Saved data entries:

•••

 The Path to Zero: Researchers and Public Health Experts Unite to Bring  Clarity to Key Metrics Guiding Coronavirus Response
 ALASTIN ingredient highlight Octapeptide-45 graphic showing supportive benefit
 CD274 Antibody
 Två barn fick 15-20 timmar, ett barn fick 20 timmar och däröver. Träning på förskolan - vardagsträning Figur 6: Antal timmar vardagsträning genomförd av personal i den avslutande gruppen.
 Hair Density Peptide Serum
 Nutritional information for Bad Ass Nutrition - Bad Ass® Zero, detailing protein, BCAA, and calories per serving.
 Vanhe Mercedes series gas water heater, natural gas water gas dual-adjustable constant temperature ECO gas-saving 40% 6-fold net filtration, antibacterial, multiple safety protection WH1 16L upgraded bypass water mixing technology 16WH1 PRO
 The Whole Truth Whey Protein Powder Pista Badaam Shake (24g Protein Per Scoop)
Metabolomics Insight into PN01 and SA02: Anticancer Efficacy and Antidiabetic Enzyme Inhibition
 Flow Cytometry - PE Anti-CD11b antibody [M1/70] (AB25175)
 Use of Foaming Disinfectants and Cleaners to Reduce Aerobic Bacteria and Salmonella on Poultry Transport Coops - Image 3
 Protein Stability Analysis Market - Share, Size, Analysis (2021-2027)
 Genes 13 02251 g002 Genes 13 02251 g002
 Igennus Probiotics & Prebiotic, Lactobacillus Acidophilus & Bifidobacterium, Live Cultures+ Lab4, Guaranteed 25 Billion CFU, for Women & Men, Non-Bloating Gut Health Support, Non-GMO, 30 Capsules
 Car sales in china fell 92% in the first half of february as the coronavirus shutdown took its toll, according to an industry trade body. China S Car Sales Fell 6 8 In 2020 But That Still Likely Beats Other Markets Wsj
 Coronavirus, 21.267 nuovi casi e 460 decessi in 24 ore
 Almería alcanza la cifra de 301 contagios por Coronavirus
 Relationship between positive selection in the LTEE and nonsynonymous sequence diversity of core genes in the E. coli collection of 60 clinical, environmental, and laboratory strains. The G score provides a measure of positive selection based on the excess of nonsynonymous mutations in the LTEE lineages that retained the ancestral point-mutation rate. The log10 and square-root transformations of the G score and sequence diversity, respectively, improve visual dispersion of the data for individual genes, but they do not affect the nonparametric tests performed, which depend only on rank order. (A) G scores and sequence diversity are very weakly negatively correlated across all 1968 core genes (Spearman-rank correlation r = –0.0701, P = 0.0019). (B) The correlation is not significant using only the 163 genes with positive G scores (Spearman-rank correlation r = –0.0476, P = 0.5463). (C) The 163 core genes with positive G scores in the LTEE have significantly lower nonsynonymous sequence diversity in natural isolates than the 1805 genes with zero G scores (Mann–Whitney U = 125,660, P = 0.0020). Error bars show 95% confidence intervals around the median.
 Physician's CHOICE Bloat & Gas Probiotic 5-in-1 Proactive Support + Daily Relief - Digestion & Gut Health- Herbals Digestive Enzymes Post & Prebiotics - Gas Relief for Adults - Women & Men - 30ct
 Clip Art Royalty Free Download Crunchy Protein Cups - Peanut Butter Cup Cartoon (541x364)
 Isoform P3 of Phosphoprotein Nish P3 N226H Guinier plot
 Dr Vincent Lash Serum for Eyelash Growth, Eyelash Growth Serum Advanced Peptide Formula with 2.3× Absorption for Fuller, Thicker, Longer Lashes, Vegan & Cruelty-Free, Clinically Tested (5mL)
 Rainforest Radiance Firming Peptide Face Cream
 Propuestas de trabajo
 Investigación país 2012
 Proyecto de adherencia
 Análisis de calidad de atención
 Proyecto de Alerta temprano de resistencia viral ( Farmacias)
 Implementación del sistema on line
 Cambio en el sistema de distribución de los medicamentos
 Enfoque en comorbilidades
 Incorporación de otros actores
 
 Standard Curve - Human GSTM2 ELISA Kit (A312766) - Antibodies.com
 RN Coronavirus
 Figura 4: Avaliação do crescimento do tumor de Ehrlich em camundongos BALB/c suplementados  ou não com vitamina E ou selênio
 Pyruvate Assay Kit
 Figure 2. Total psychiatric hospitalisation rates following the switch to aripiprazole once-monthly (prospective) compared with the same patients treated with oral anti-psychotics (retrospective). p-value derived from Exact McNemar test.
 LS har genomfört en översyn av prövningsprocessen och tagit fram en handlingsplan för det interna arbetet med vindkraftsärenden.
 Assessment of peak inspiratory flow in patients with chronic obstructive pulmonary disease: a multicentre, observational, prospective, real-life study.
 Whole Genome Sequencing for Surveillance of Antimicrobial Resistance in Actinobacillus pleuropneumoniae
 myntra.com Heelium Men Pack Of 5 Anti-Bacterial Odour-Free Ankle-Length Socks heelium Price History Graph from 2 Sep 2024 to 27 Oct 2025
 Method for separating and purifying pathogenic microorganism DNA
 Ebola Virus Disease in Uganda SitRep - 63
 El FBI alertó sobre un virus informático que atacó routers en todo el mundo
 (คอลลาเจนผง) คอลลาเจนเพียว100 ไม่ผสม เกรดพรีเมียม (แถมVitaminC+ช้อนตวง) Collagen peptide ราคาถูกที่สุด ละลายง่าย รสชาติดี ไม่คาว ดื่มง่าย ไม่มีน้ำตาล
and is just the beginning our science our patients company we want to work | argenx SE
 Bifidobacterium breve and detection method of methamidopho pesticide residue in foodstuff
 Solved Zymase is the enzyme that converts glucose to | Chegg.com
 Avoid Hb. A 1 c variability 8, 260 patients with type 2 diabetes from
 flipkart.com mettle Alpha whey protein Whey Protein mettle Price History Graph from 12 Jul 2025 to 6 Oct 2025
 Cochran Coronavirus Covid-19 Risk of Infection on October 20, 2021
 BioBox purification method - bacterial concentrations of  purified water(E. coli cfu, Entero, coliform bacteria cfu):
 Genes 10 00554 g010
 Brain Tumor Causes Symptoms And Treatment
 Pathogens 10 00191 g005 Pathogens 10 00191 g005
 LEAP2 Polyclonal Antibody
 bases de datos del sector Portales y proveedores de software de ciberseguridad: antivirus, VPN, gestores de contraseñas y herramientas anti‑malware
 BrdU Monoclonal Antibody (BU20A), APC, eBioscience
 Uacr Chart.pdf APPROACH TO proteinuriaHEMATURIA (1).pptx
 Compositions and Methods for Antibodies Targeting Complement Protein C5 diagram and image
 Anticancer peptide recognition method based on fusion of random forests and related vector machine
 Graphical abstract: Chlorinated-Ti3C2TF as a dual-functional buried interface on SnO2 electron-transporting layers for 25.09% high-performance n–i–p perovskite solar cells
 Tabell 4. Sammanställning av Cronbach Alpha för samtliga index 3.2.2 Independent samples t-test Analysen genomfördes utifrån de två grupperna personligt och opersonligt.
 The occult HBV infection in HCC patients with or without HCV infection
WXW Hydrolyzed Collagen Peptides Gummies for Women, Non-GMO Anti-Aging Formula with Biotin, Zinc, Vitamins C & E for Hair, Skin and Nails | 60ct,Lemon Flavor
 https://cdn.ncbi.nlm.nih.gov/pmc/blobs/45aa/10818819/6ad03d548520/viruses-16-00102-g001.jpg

•••

_What you need to do_:
Filter the entries down to the lines with the word "Hair" in them.

_Result of the task_:
 Hair Density Peptide Serum
WXW Hydrolyzed Collagen Peptides Gummies for Women, Non-GMO Anti-Aging Formula with Biotin, Zinc, Vitamins C & E for Hair, Skin and Nails | 60ct,Lemon Flavor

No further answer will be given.